# 76 mm ARMDC



## RexX (27 Jan 2019)

Hello Gentlemen, 

I have found this in my attic and am wondering what the lettering means. 

I am having trouble finding information on this.

Thank you,


----------



## AmmoTech90 (27 Jan 2019)

It would be a good idea to contact your local police and have them contact the nearest military base for explosive ordnance disposal assistance.

That would appear to be a 76mm Armoured Car projectile.  Unfired.  Made in the United Kingdom.  Possibly High Explosive Squash Head.  Shell body was manufactured in Nov 1978 by Royal Ordnance Birtley.

In Canada they were fired from Cougar Direct Fire Support Vehicles.  These used the same turret as the British Scorpion.  The round could have originated from a variety of places:
-Early Canadian buy of ammo from the UK.
-British stock from Suffield, I'm pretty sure they had Scorpions there.
-It's a repainted drill or display round, most of which were UK manufacture.

Any other painted markings on it anywhere?


----------



## brihard (27 Jan 2019)

Yup, contact local police. Only a properly trained expert is going to be able to determine if this is any hazard. If it’s a real shell, there’s danger there because explosives can become less stable over time. Don’t handle it any further, just get an expert in.


----------



## daftandbarmy (28 Jan 2019)

RexX said:
			
		

> Hello Gentlemen,
> 
> I have found this in my attic and am wondering what the lettering means.
> 
> ...



If it's not too late, you might think about leaving that thing right there, tip toeing away, quietly locking the house up, and checking into a hotel until they check that baby for you. After you call the police.

Yes, really.


----------



## RexX (28 Jan 2019)

Thanks for the replies, 

Haha the shell is already disarmed. You can split it in half and everything is empty.
Should I still bring to local police? 

Would this be worth anything for collectors?


----------



## mariomike (28 Jan 2019)

RexX said:
			
		

> Should I still bring to local police?



I would say no.

I can imagine their reaction.

QUOTE

Toronto fire station evacuated after resident brings in old artillery shell
https://globalnews.ca/news/2976882/toronto-fire-station-evacuated-after-resident-brings-in-old-artillery-shell/
A Toronto fire station had to be evacuated Saturday afternoon after a man brought an old artillery shell for disposal.
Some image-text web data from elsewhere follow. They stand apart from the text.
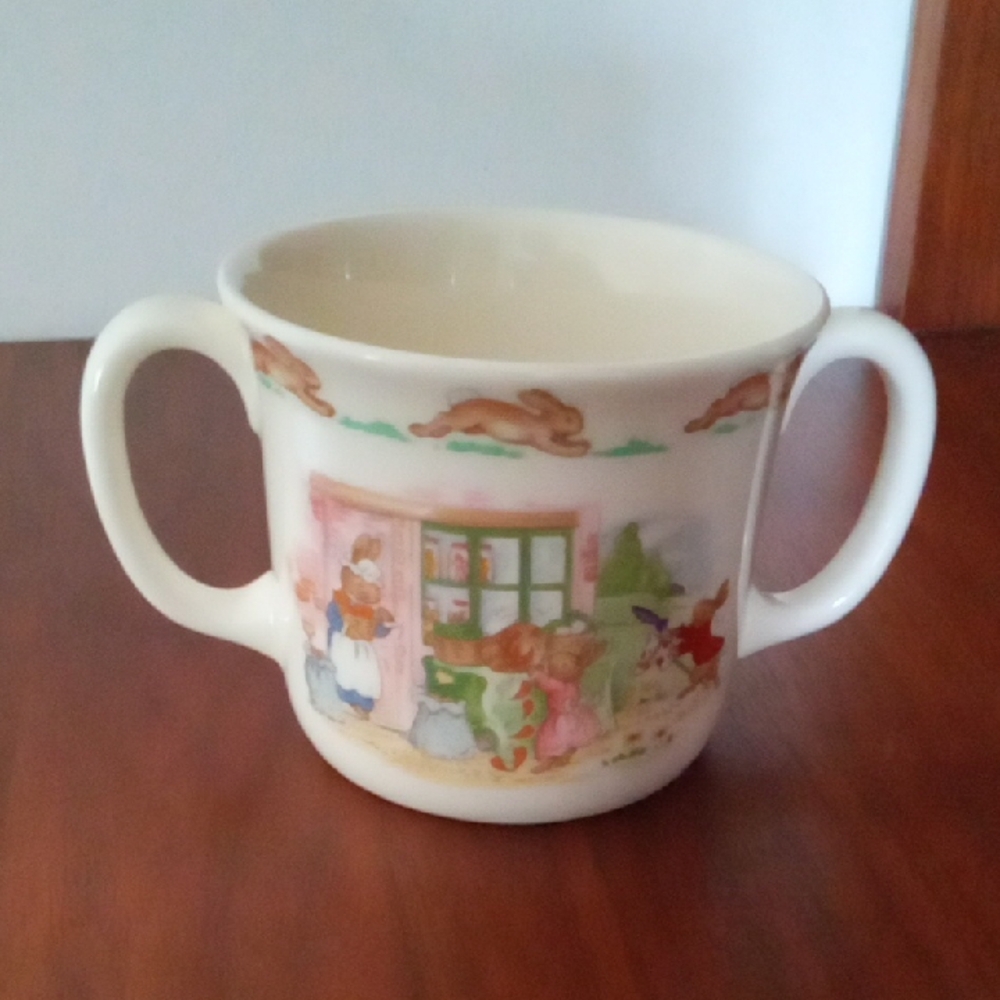 Royal Douton Bunnykins 2 Handled Bone China Mug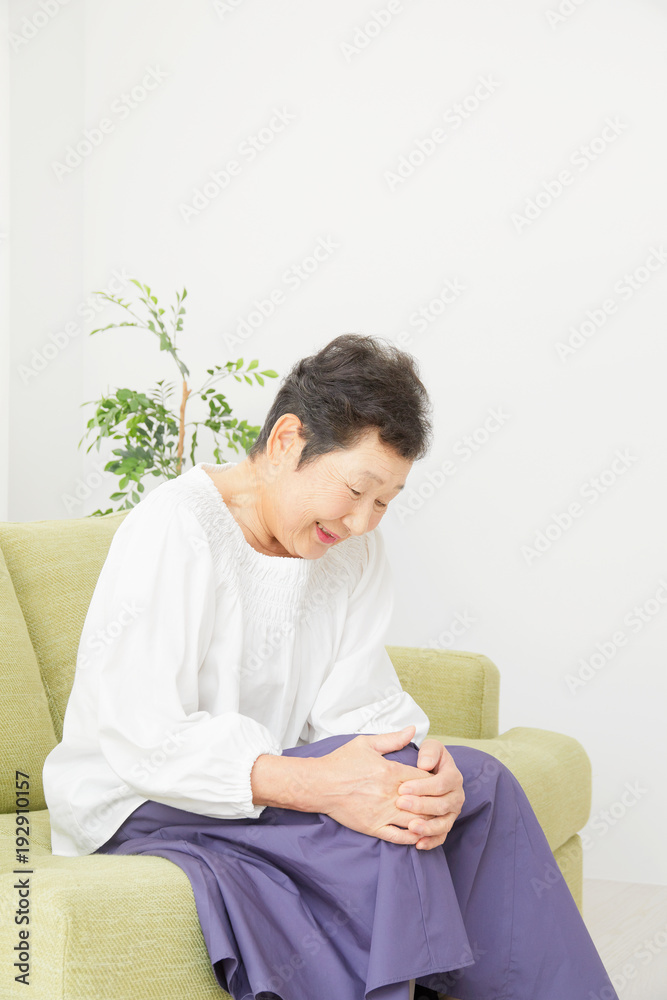 女性　お年寄り　膝関節痛
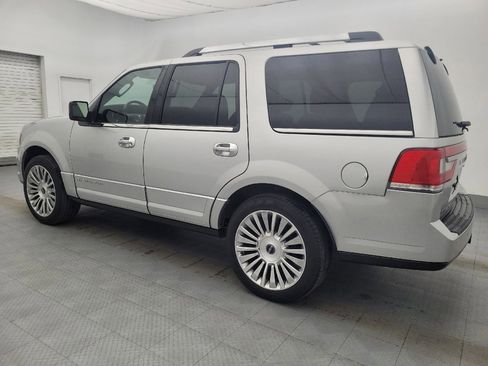 Used 2017 Lincoln Navigator Reserve image 3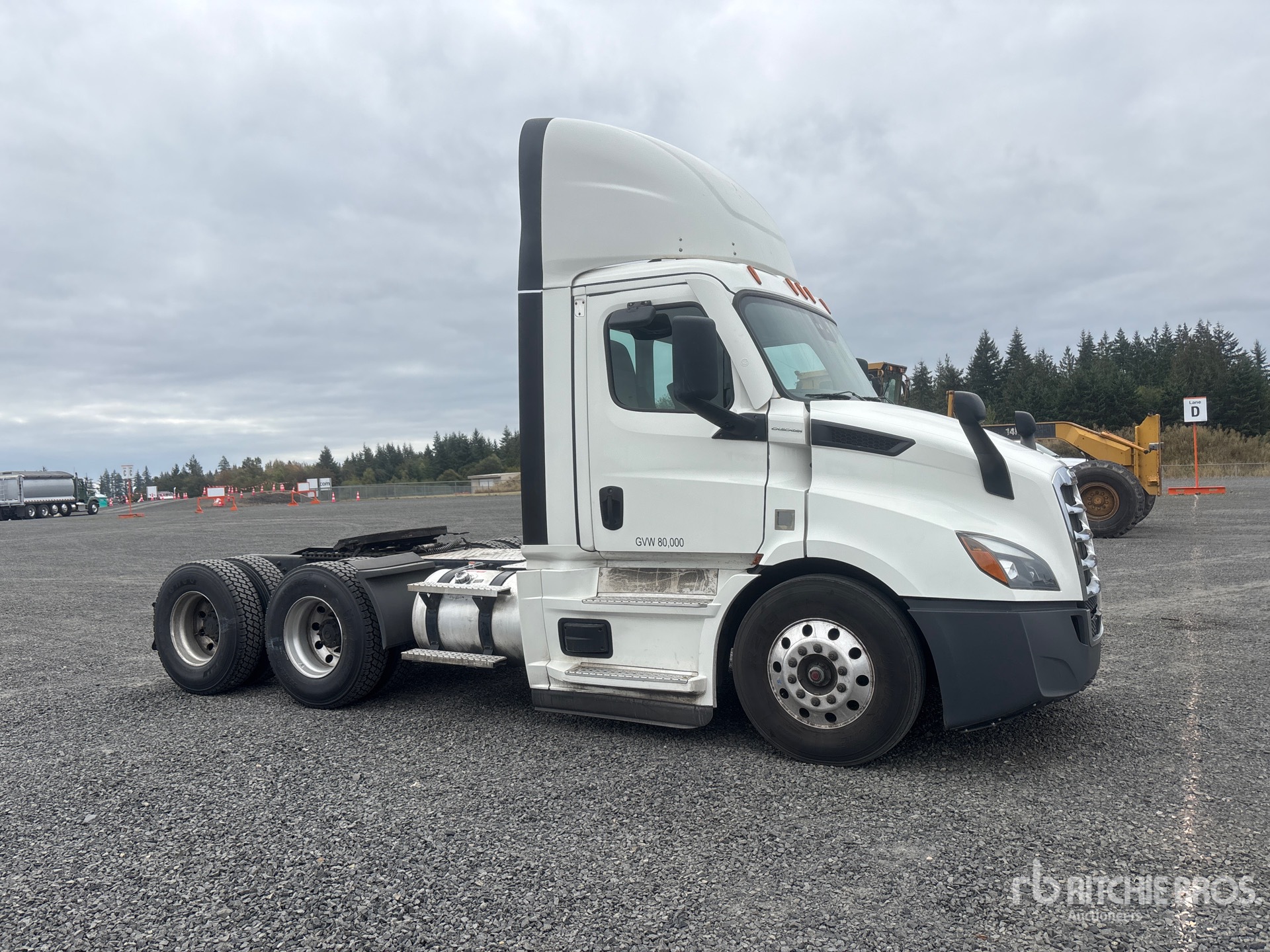 2020 Freightliner CASCADIA 116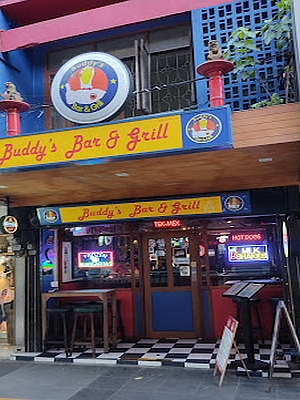 Soi 8 Exterior-3 400 x 300 Buddy's Bar & Grill Bangkok - Soi 8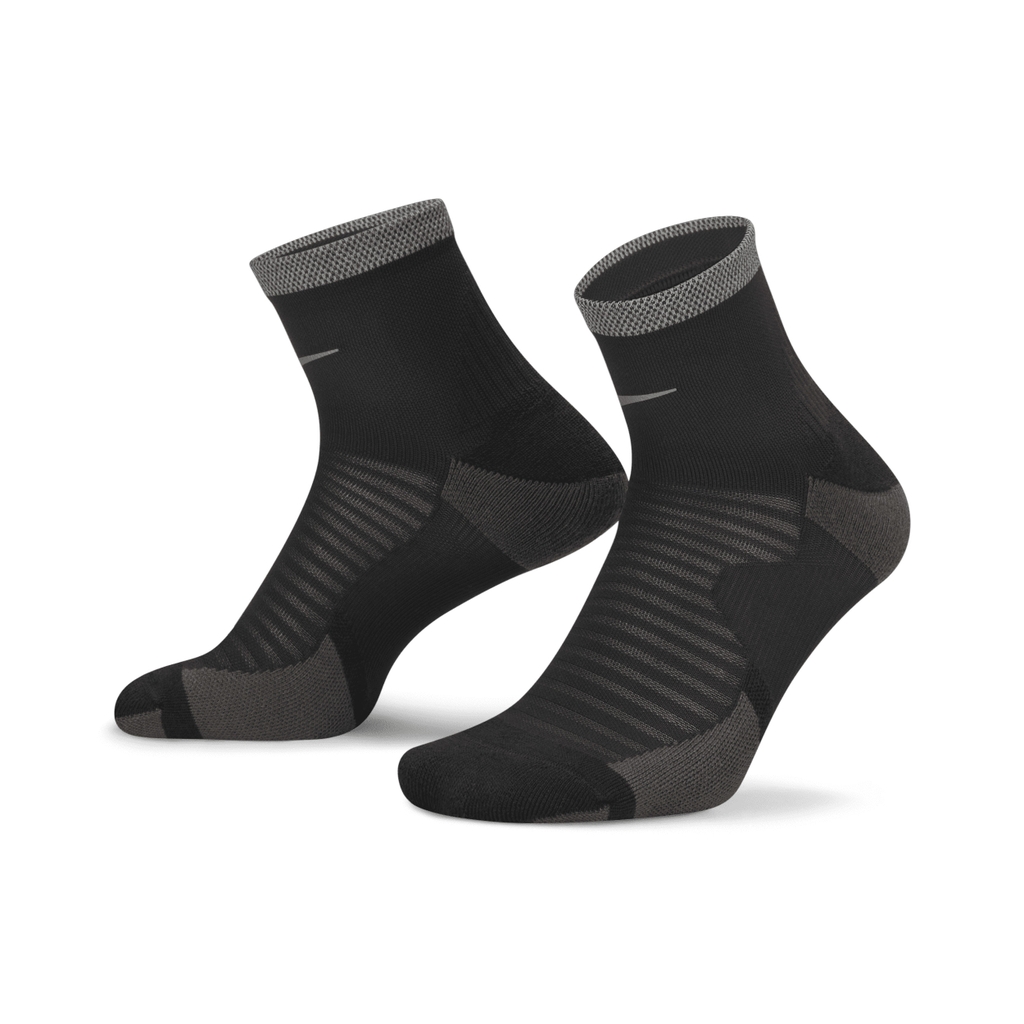 Tất Nike running CU7199-010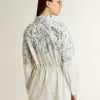 Kurzes Hemdkleid für Damen aus weiß gestreifter Baumwolle mit marineblauem Print Kurzes Hemdkleid für Damen aus weiß gestreifter Baumwolle mit marineblauem Print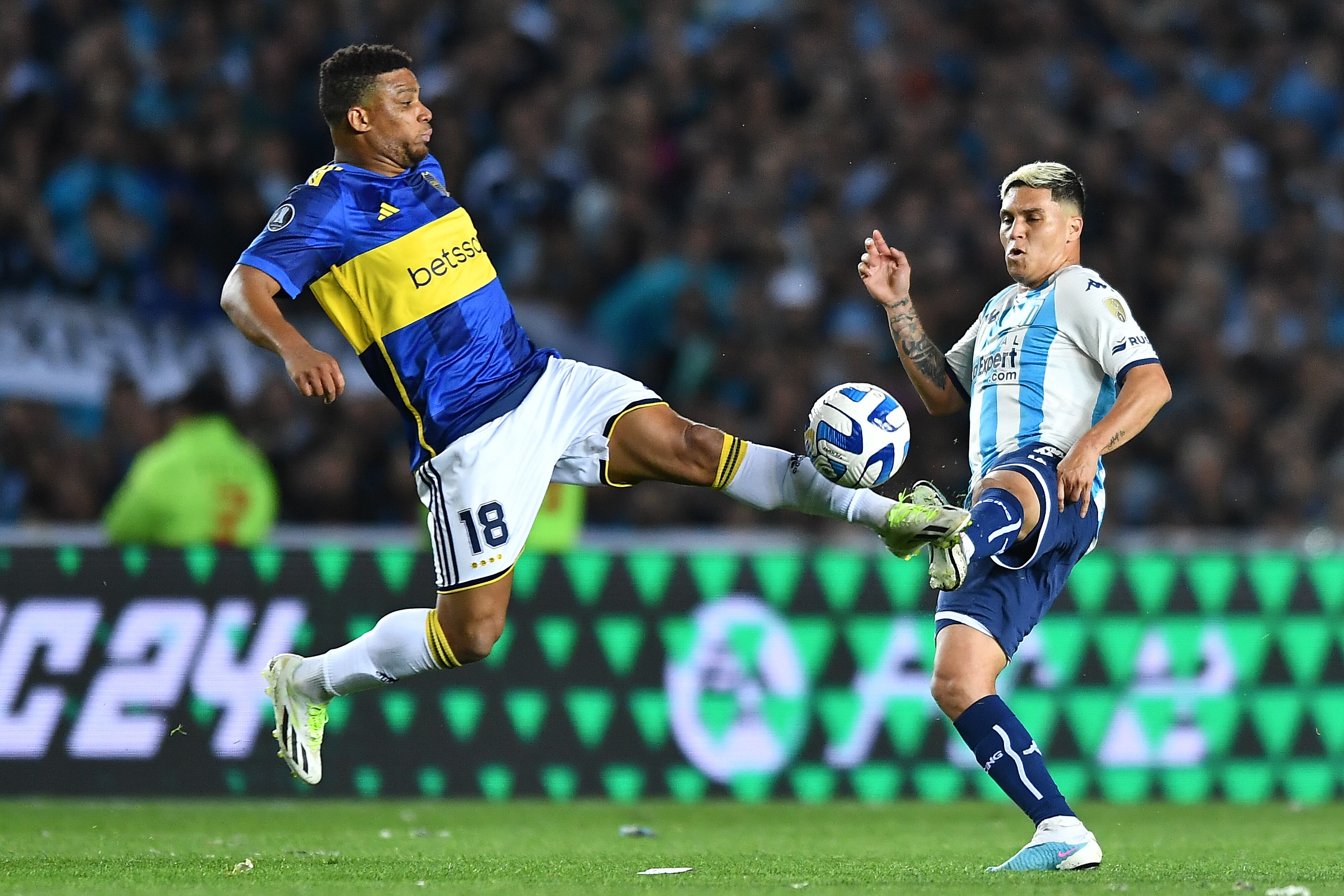 Juan Fernando Quintero juega para Racing.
Toronto police, including CBRNE (Chemical, Biological, Radiological, Nuclear, and Explosive) officers, were called to the fire station on McRae Drive, west of Laird Drive and south of Eglinton Avenue East, just before 1 p.m. 

END QUOTE


----------



## daftandbarmy (28 Jan 2019)

RexX said:
			
		

> Thanks for the replies,
> 
> Haha the shell is already disarmed. You can split it in half and everything is empty.
> Should I still bring to local police?
> ...



I know an ATO in the UK who spent alot of time blowing up people's living rooms in London because they had a 'memento' that they already thought was disarmed. 

How do you know that the warhead has been deactivated?


----------



## RexX (28 Jan 2019)

When I open it up everything is empty. Based on this I thought it was safe.
You can see in the attached photo everything is empty space in both parts.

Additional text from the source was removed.